Exercise description: Only the lines from the top of the listing below through the line containing "Płyta tarasowa, podjazdowa" should be output, exactly and with no pictures.

··· Entries provided

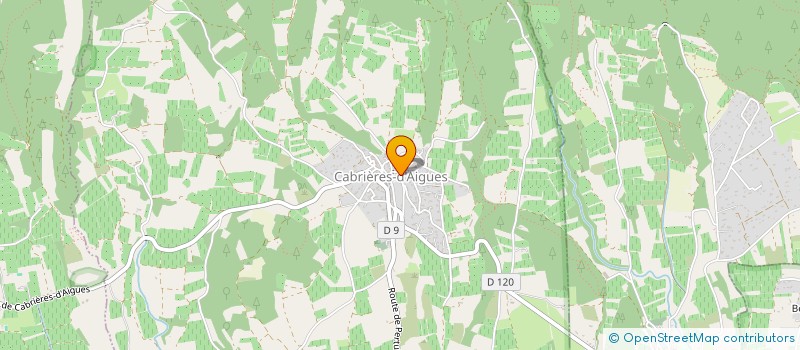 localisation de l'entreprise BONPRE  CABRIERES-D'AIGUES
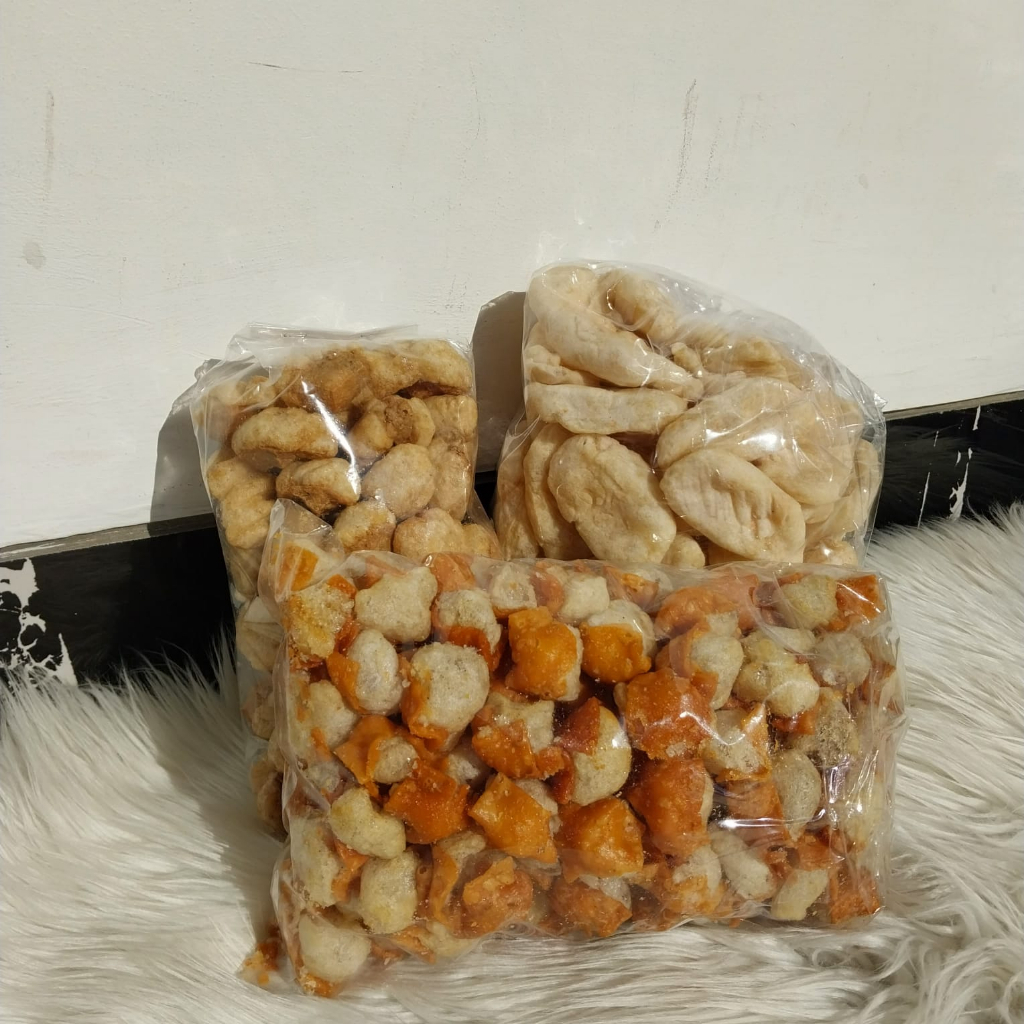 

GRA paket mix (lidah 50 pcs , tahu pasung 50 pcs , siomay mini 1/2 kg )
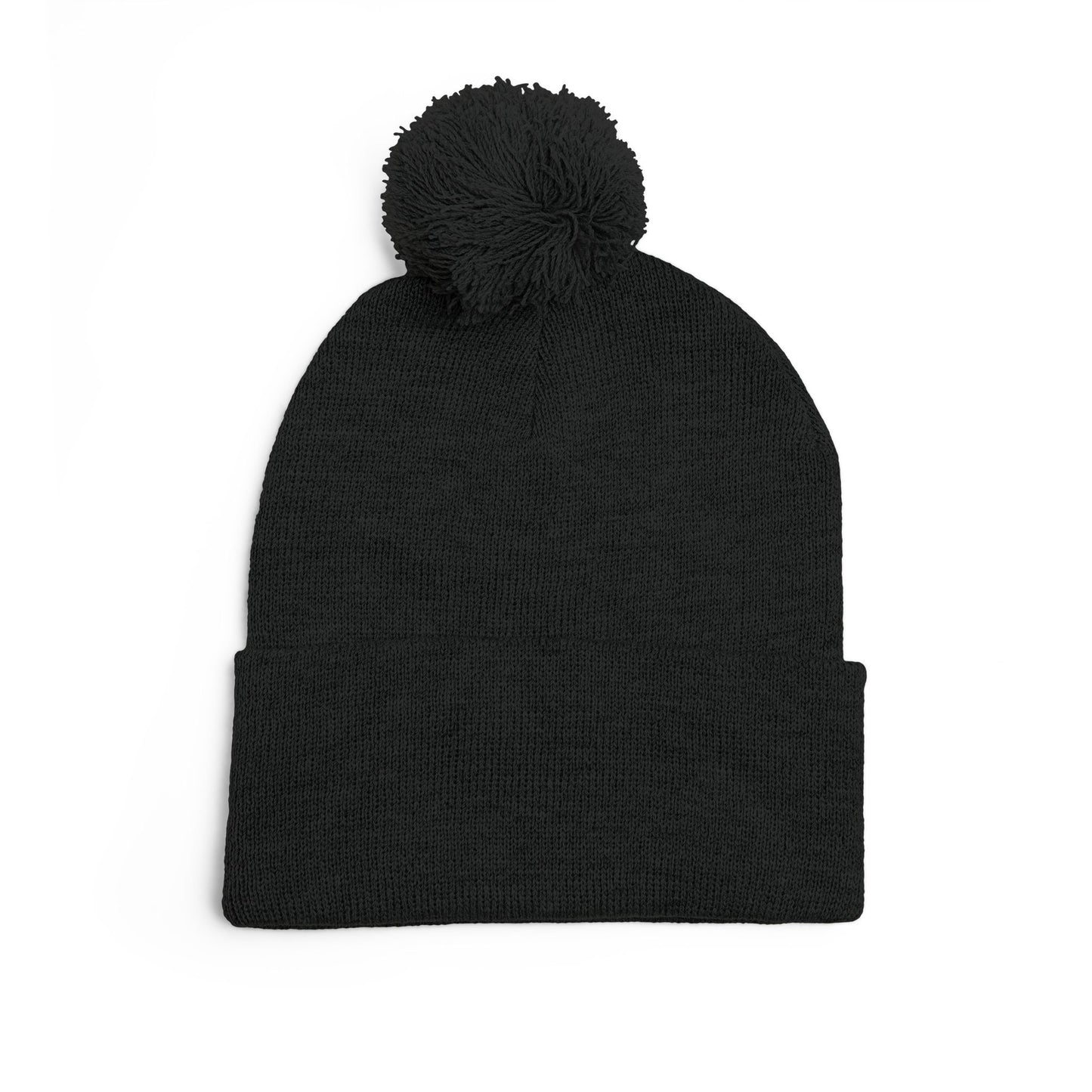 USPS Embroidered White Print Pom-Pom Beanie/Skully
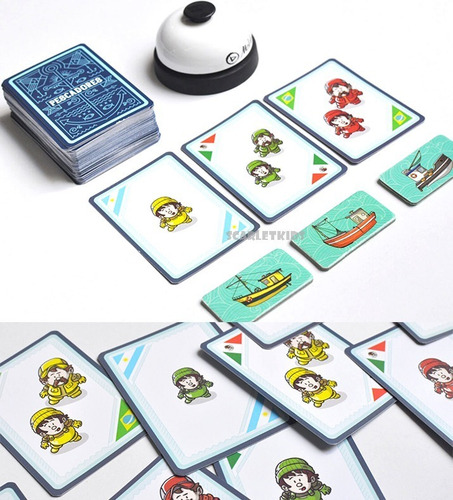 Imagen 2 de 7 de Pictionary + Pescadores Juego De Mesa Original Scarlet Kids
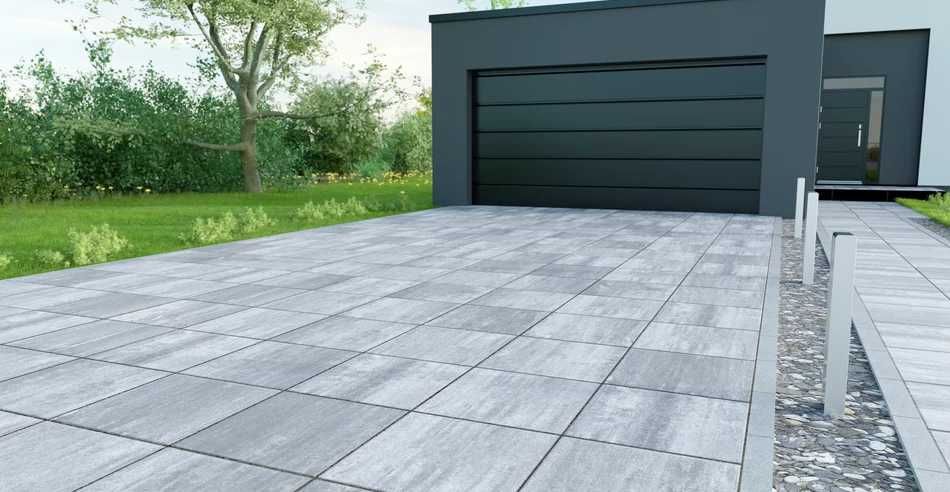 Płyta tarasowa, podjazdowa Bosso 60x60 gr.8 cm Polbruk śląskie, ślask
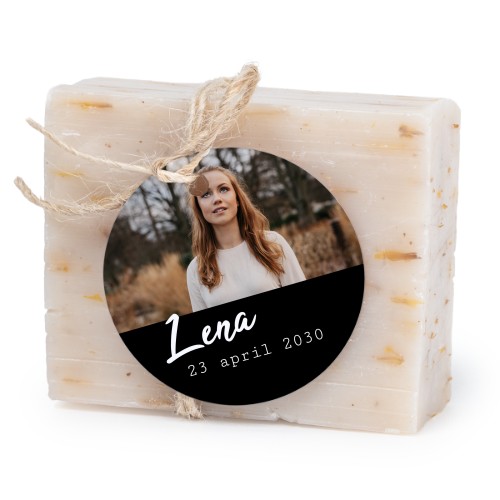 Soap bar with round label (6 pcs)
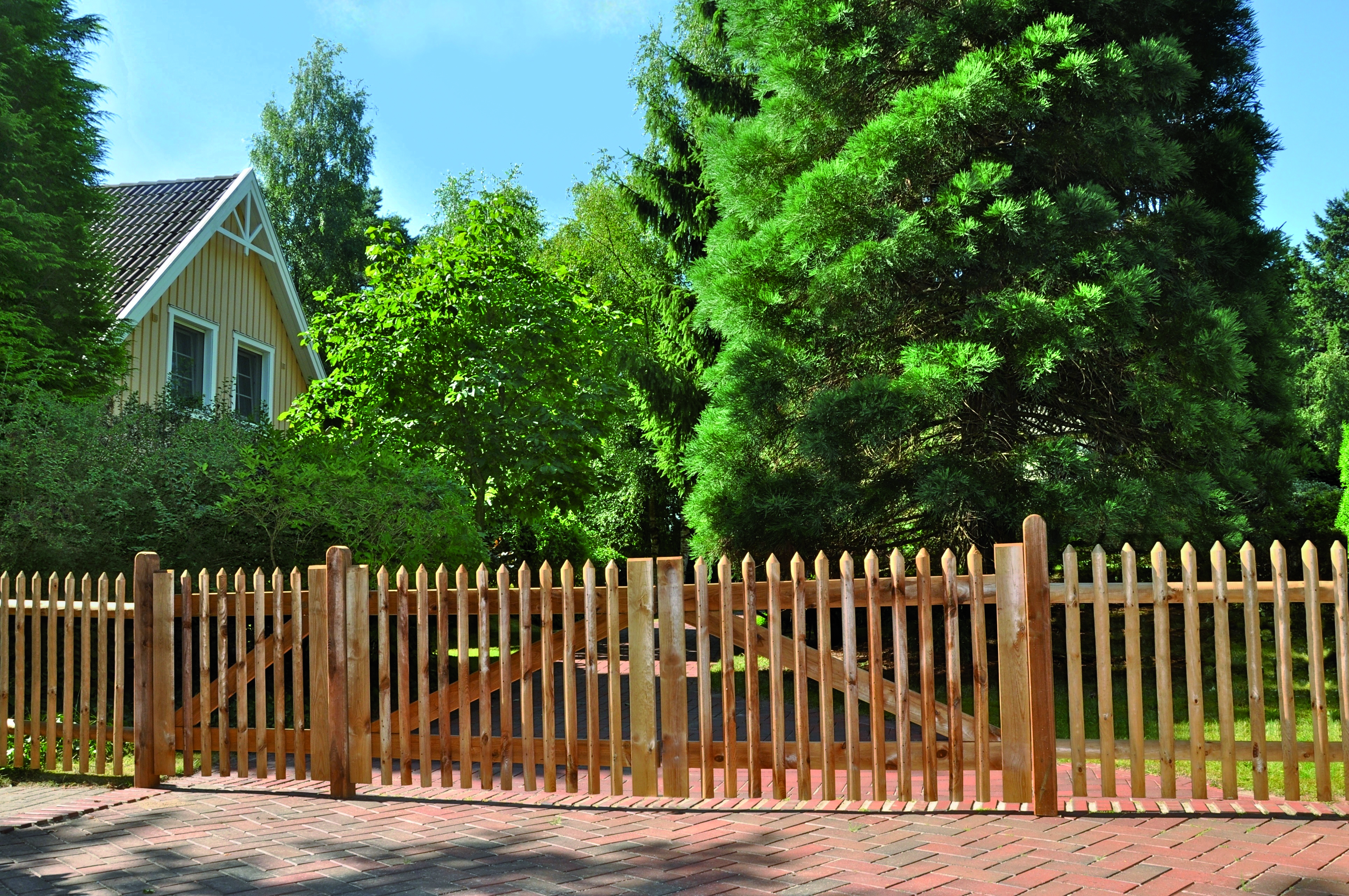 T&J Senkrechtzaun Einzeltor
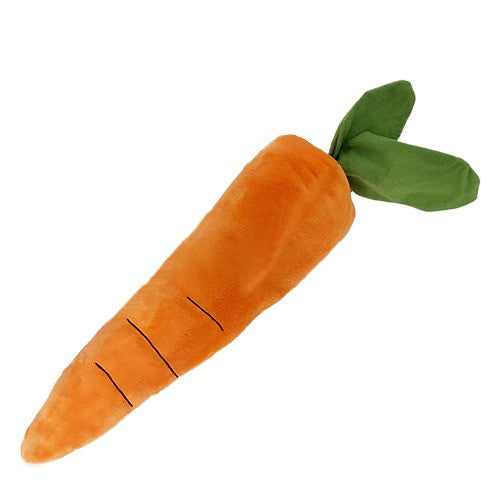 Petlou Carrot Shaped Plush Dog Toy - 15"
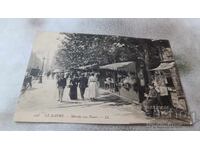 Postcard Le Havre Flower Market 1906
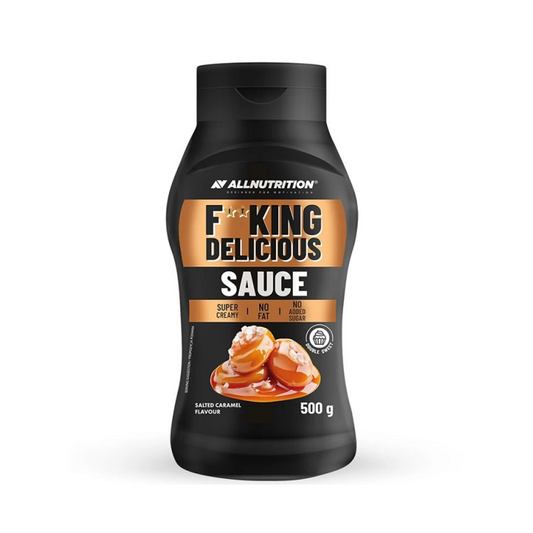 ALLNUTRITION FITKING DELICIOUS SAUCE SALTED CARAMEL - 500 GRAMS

······

Output below:
 localisation de l'entreprise BONPRE  CABRIERES-D'AIGUES

GRA paket mix (lidah 50 pcs , tahu pasung 50 pcs , siomay mini 1/2 kg )
 USPS Embroidered White Print Pom-Pom Beanie/Skully
 Imagen 2 de 7 de Pictionary + Pescadores Juego De Mesa Original Scarlet Kids
 Płyta tarasowa, podjazdowa Bosso 60x60 gr.8 cm Polbruk śląskie, ślask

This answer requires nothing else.